The problem
Return the run of lines below that opens with the line containing "Building Photo - 3530 North Kilbourn Avenue" and closes with the line containing "112 Harrison Ave, Newport, RI 02840", keeping each one exact.

Records for this exercise

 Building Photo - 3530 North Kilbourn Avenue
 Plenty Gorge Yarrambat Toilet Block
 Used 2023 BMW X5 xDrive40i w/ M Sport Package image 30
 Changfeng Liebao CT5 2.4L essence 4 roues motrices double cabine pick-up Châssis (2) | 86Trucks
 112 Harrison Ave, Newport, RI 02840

...

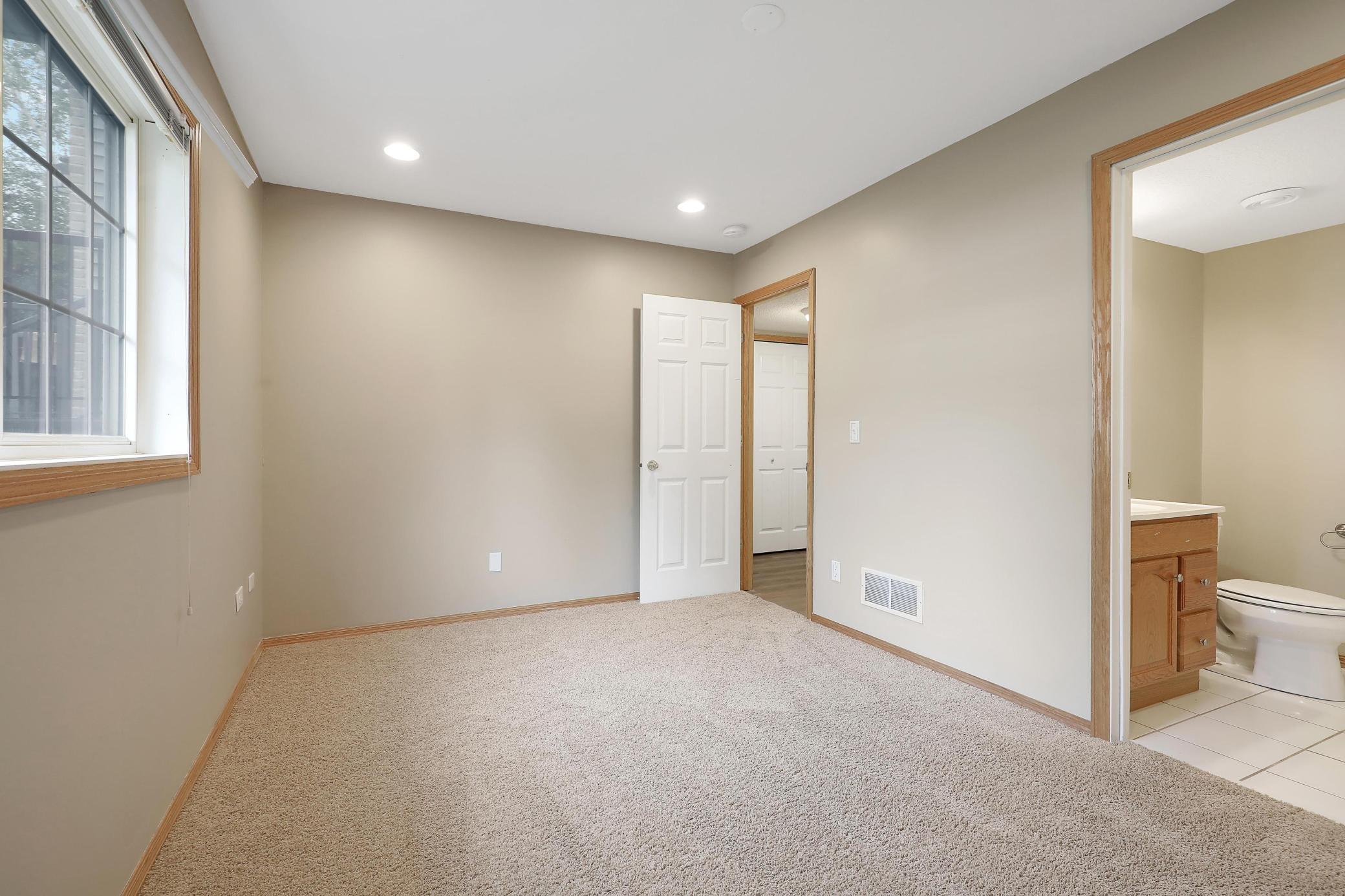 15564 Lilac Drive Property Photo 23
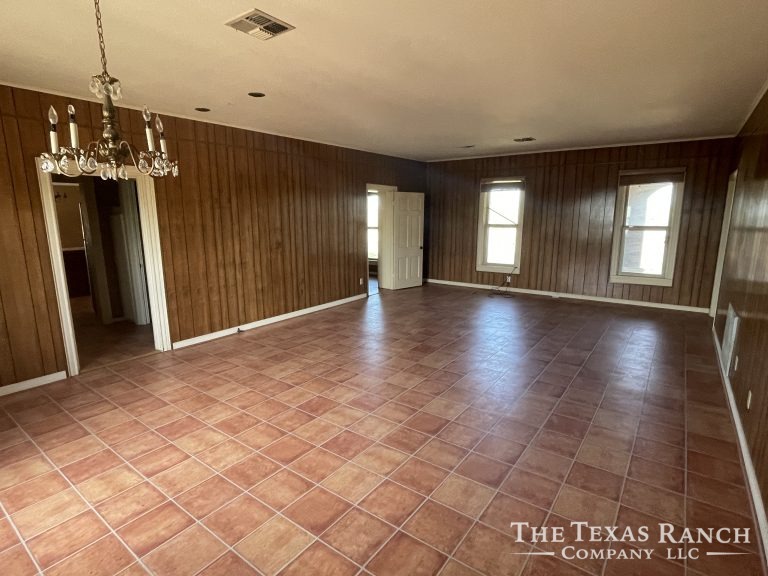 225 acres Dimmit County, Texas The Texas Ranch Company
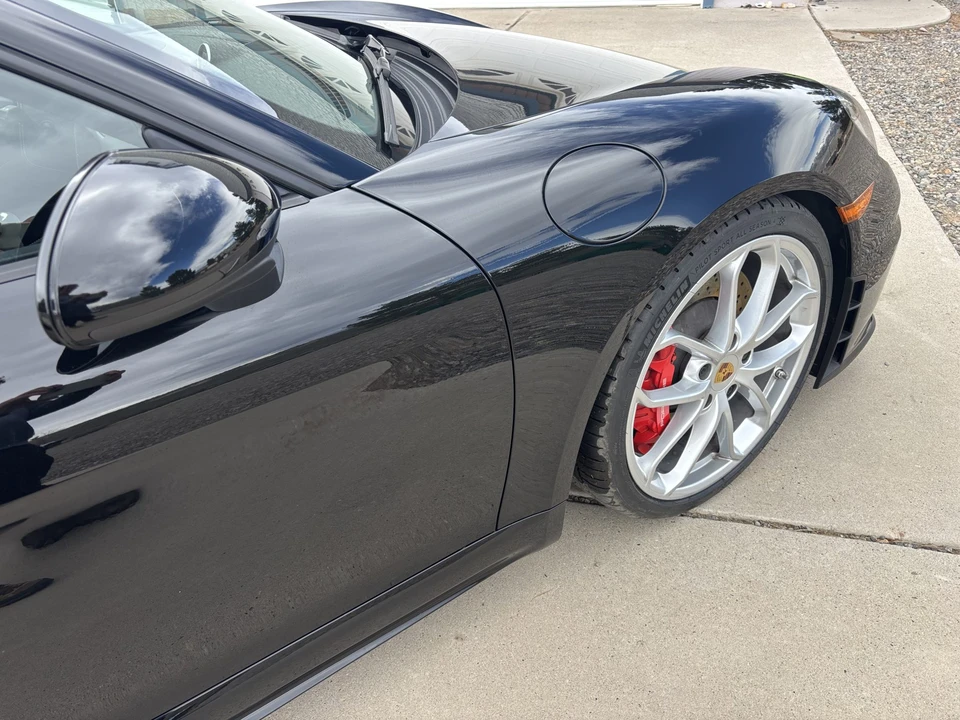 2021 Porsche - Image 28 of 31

Solution for this task
 Building Photo - 3530 North Kilbourn Avenue
 Plenty Gorge Yarrambat Toilet Block
 Used 2023 BMW X5 xDrive40i w/ M Sport Package image 30
 Changfeng Liebao CT5 2.4L essence 4 roues motrices double cabine pick-up Châssis (2) | 86Trucks
 112 Harrison Ave, Newport, RI 02840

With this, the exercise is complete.